De “chulapa” y “chulapo”
Tanto "chulapa" como "chulapo" son quizás dos de los términos más castizos del habla madrileña. Se trata de dos palabras derivadas de la voz "chulo" que, según recoge Joan Corominas en su Breve diccionario etimológico de la lengua castellana (1961), procede del término italiano "ciullo", que resulta a su vez del acortamiento de "fanciullo" (un diminutivo de "fante", que viene del latín "infans,-ntis") cuya traducción al español es "muchacho" o "niño". Dice Corominas que "chulo" es aquel "que se comporta graciosa pero desvergonzadamente". El lexicógrafo catalán suavizó en su definición de "chulo" ese matiz reprobable que aparece en diccionarios anteriores referido al comportamiento de quien es tachado de chulo, tal y como así atestigua el Diccionario de Autoridades de 1726-1739 que se refiere al "chulo" como "persona graciosa, y que con donaire y agudeza dice cosas, que aunque se oyen con gusto, no dejan de ser reprehensibles, así por el modo, como por el contenido". Con el paso del tiempo, ese comportamiento reprobable del "chulo" mitigó a desvergonzado, esto es, falto de vergüenza, más acorde a la definición de Corominas. Un significado de “chulo” que el Diccionario de la Lengua Española ha suavizado aún más: "Persona de las clases populares de Madrid, que afecta guapeza en el traje y en el modo de conducirse", citando entre sus sinónimos la voz "chulapo".
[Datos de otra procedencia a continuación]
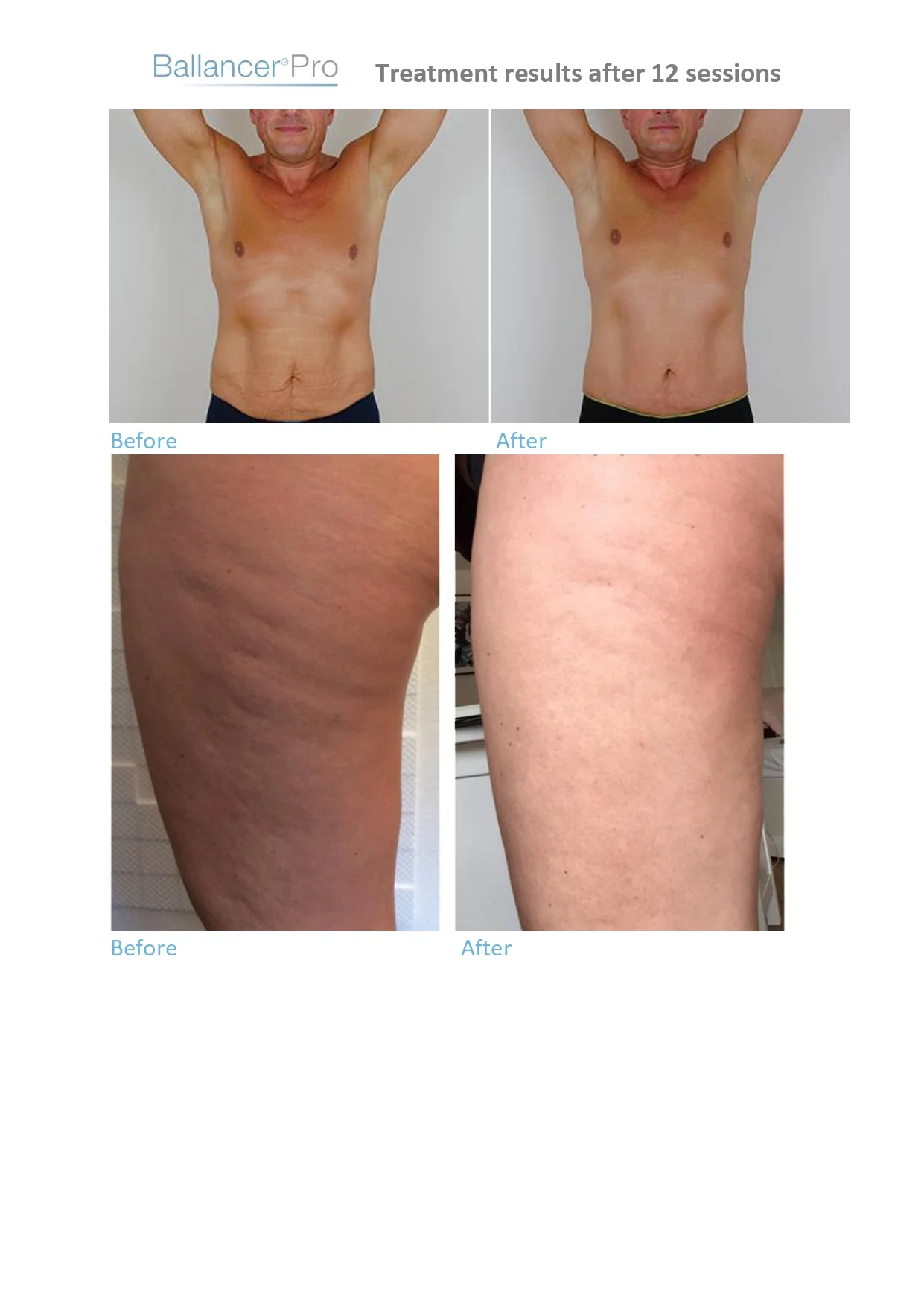 Before-After-BallancerPro
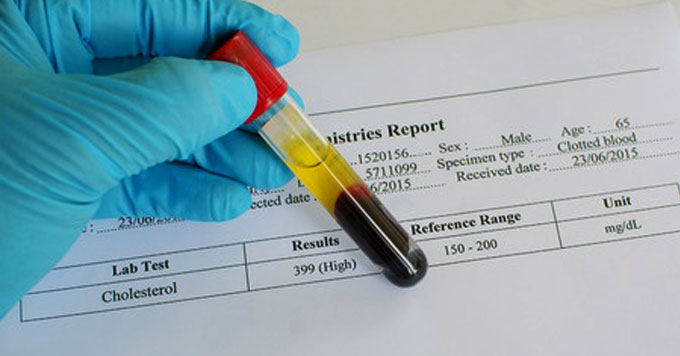 blood cholesterol test tube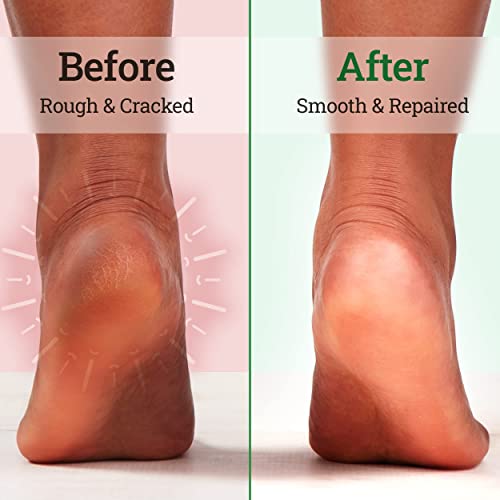 Tea Tree Oil Foot Soak With Epsom Salt & Mint, Feet Soak Helps Toenail System, Athletes Foot & Stubborn Foot Odor - Foot Bath Salt Softens Calluses & Soothes Sore Tired Feet, 14 Ounce #TOP5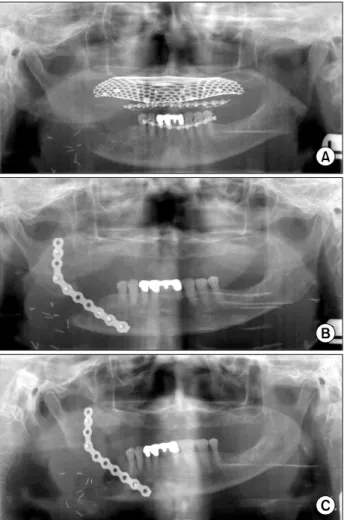 Fig. 3. Mandible fracture resulting from oral squamous cell  carcinoma (A) Panoramic view showing pathologic fracture and bony destruction resulting from oral squamous cell carcinoma.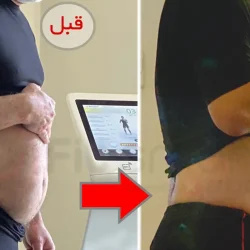 چربیسوزی شکم پهلو، کاهش سایز شکم، قبل و بعد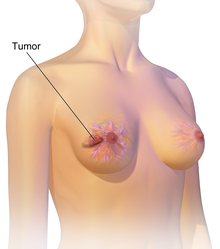 A typical hypothetical women`s breast-cancer
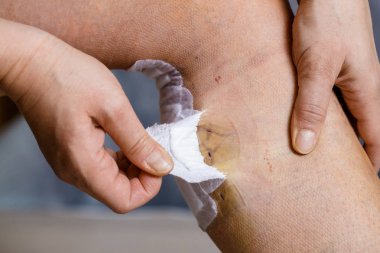 Bandaj kaldırma ve görünür yaralar ile varis cerrahisi sonrası bacağı teftiş kadın. Küratif tedavisi, estetik yordamlar, tromboz korunma ve Kıdemli Sağlık kavramı.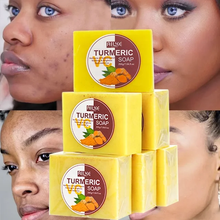 Load image into Gallery viewer, Turmeric Soap Skin Whitening Dark Spots lightening Acne Brightening Turmeric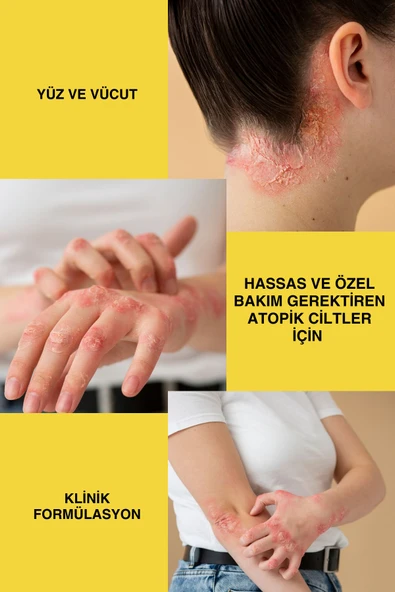 Sülfax Kükürt Vücut Kremi 100ml - Resim 5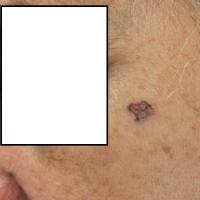 
	BCC in a patient with brown skin…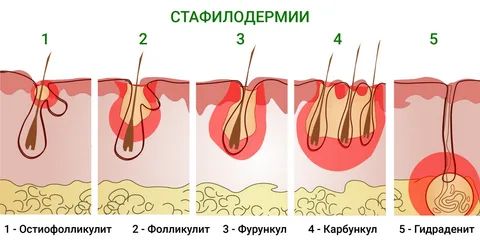 Стафилодермии, которые нужно различать Стафилодермии, которые нужно различать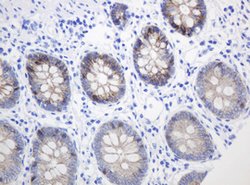 CTNND1 Mouse anti-Human, Clone: OTI2F8, lyophilized, TrueMAB 100 &mu;g;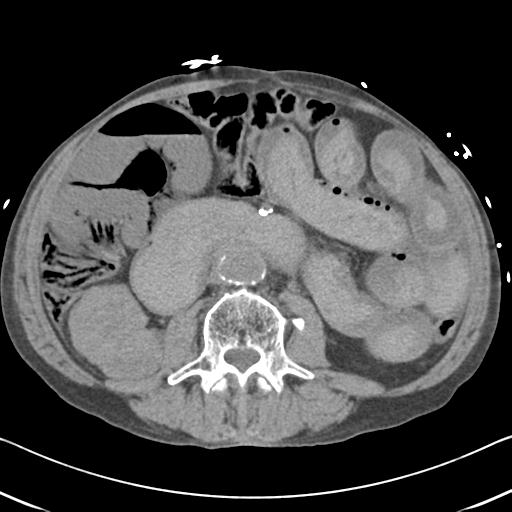 Bowel infarction (Radiopaedia 30296-30933 Axial non-contrast 40).jpg
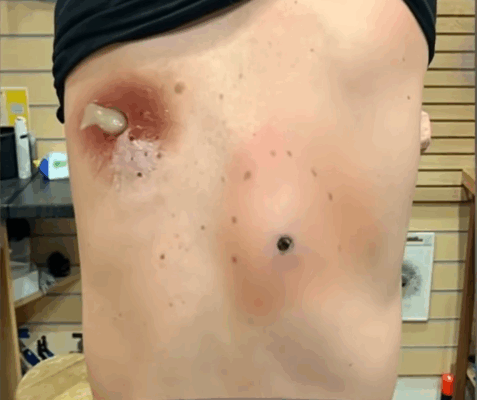 ST, Infected Sebaceous Cyst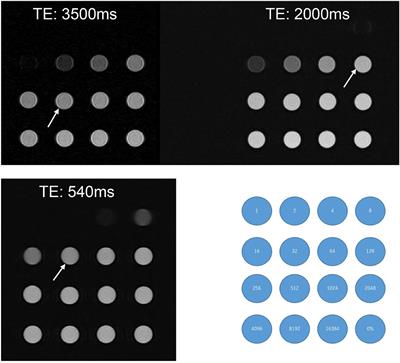 17O-labeled water distribution in the human inner ear: Insights into lymphatic dynamics and vestibular function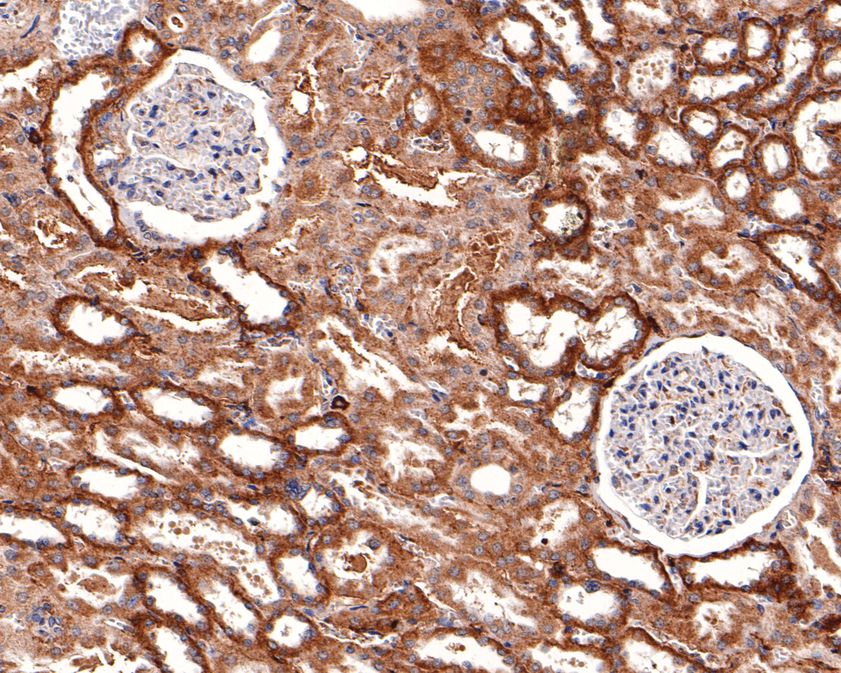 Immunohistochemical analysis of paraffin-embedded human kidney tissue using anti-IL-20R1 antibody. The section was pre-treated using heat mediated antigen retrieval with Tris-EDTA buffer (pH 9.0) for 20 minutes.The tissues were blocked in 1% BSA for 30 minutes at room temperature, washed with ddH2O and PBS, and then probed with the primary antibody (HA500286, 1/200) for 30 minutes at room temperature. The detection was performed using an HRP conjugated compact polymer system. DAB was used as the chromogen. Tissues were counterstained with hematoxylin and mounted with DPX.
Los primeros chulapos y chulapas
A pesar de que su presencia en Madrid es anterior a su aparición en los textos, como es lógico, el Corpus del diccionario histórico de la lengua española data por primera vez el lema "chulapo" -bajo la forma "chulapas"- en una obra fechada en el año 1885 titulada Páginas íntimas, cuyo autor es Eusebio Blasco. Así reza el texto: "En Madrid, las chulapas van en romería a visitar la Cara de Dios y se ponen todas el clásico mantón de Manila".
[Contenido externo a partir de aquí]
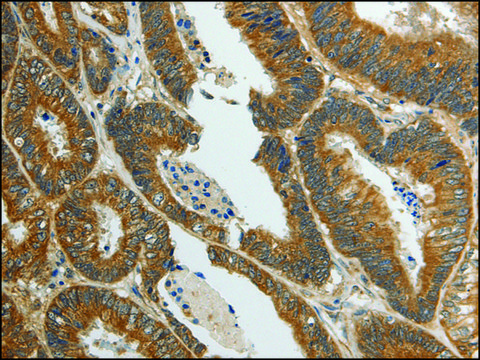 Anti-SPAG4 affinity isolated antibody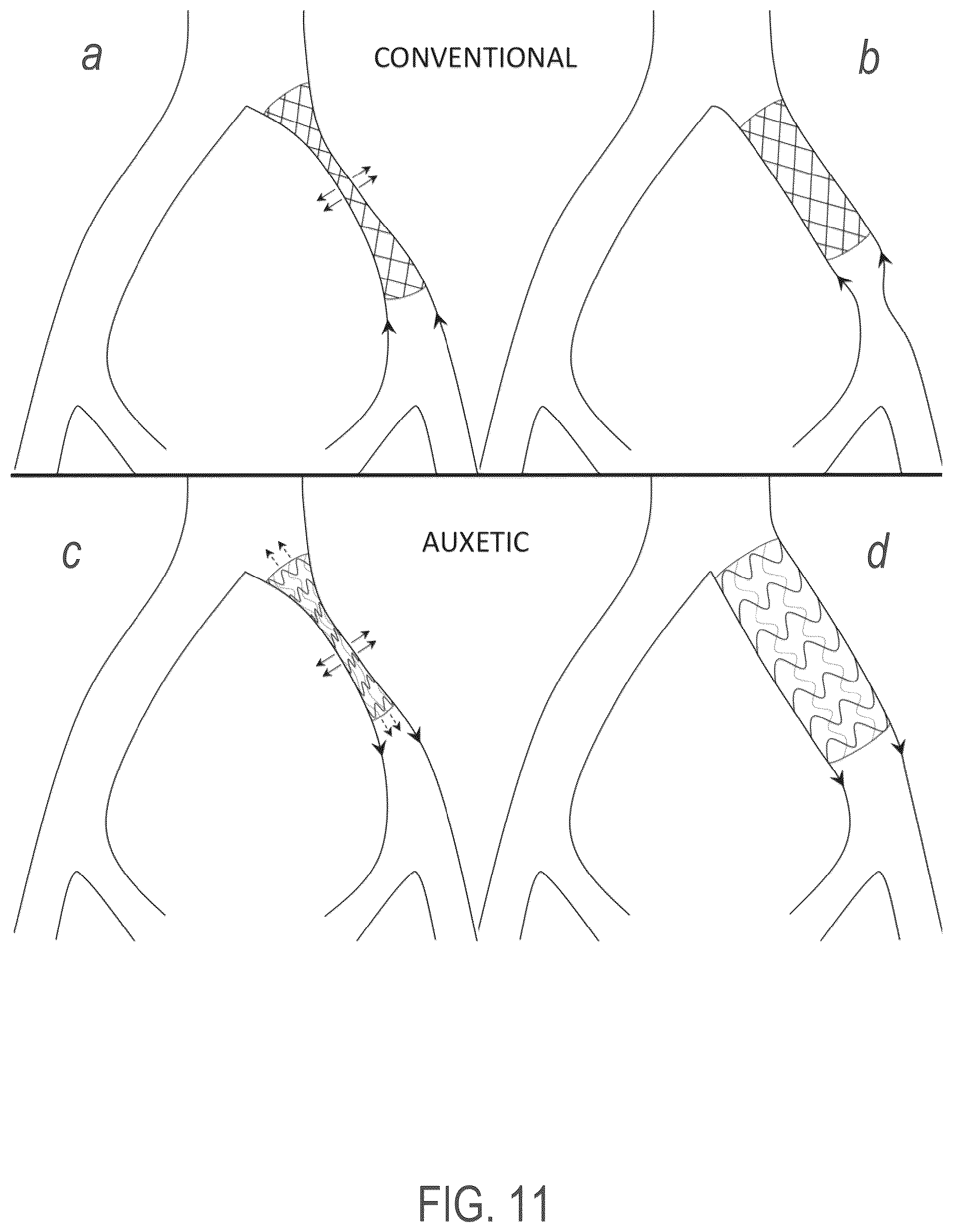 Patent US12508139 Figure 8 – Auxetic stents for managing venous stenosis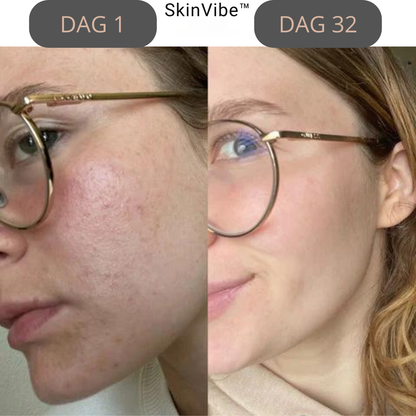 SkinVibe™ - Skønhed begynder med selvpleje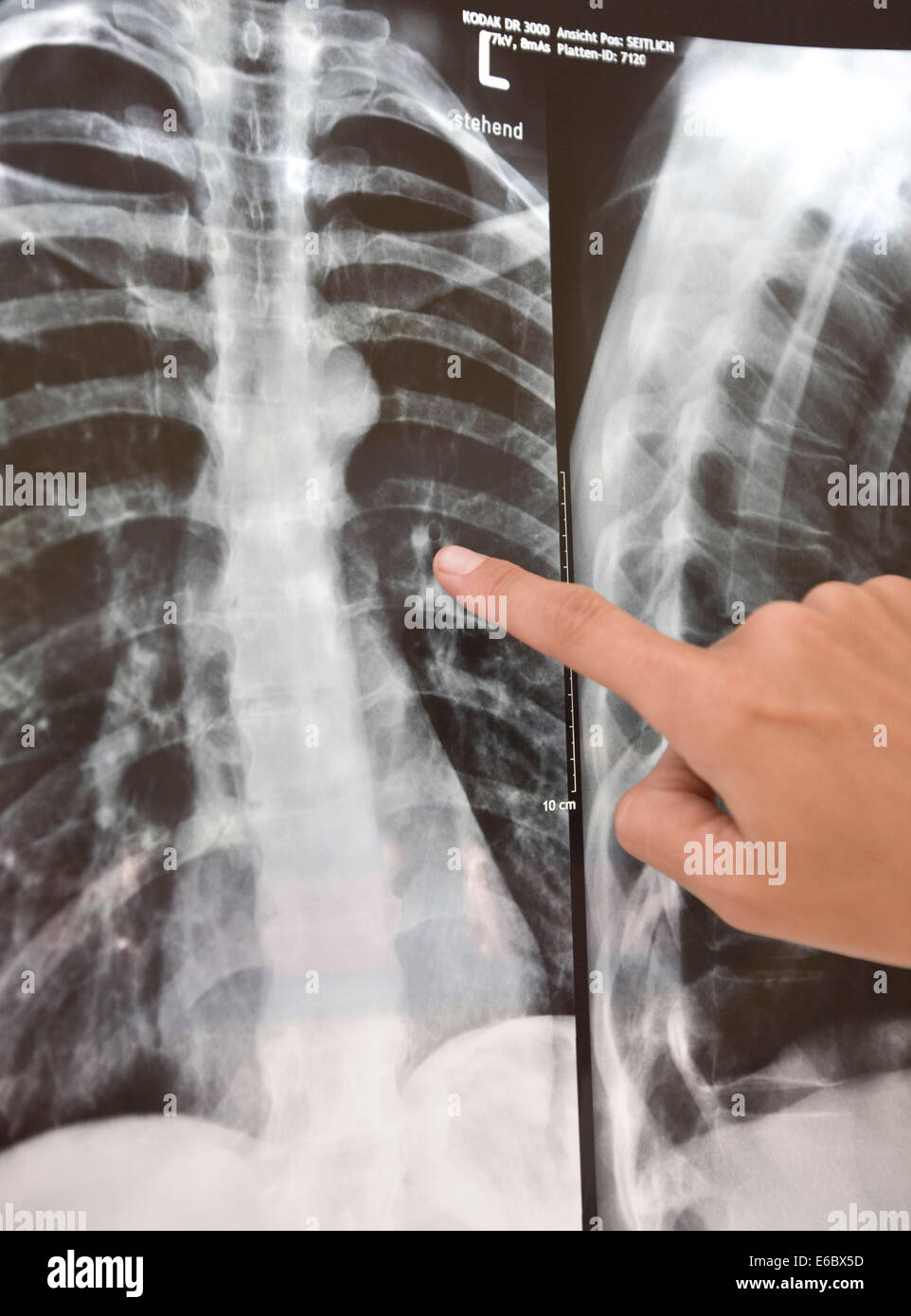 Mostrando,x ray,fractura costal Foto de stock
Las primeras chulapas y chulapos pertenecieron a las clases madrileñas populares del siglo XIX que vivieron o frecuentaron los barrios de Lavapiés, Malasaña, La Latina y sus aledaños y que se caracterizaron por un empleo de la lengua, un ademán y un comportamiento que desbordaba orgullo, descaro y gracia. En sus orígenes, eso sí, con un cierto toque de golfería. El chulapo no nace, sino que se hace, mostrando con su lenguaje una forma de entender y afrontar la vida que tiene como máxima no "achantarse" y mostrarse orgulloso de sus orígenes, de su barrio y de su Madrid. Un modus vivendi heredado, probablemente, de esas clases castizas de Madrid que desde principios del siglo XIX buscaban distinguirse de la élite social afrancesada que proliferó con la intrusión francesa en España. Una actitud y un habla complementadas por una indumentaria propia: la parpusa, el pañuelo al cuello, el chaleco y la chaqueta con clavel en la solapa, en el caso del chulapo; el vestido de flores o de lunares ceñido y con volantes, el mantón de Manila, el pañuelo y dos claveles en la cabeza, en el caso de la chulapa. Su figura se idealizó al estereotipar un tipo de personaje que protagonizó célebres obras del género de la zarzuela, entre ellas, el archiconocido sainete lírico "La verbena de la Paloma" de Ricardo de la Vega y Tomás Bretón.
Sirvan estas líneas, pues, para rememorar la etimología, junto con los orígenes, de esos términos que utilizamos para referirnos a quienes reviven el espíritu popular madrileño de épocas pasadas, portando esa vestimenta que con garbo y chulería lucen aún, hoy en día, en las festividades de San Isidro Labrador, San Cayetano, San Lorenzo y la Virgen de la Paloma.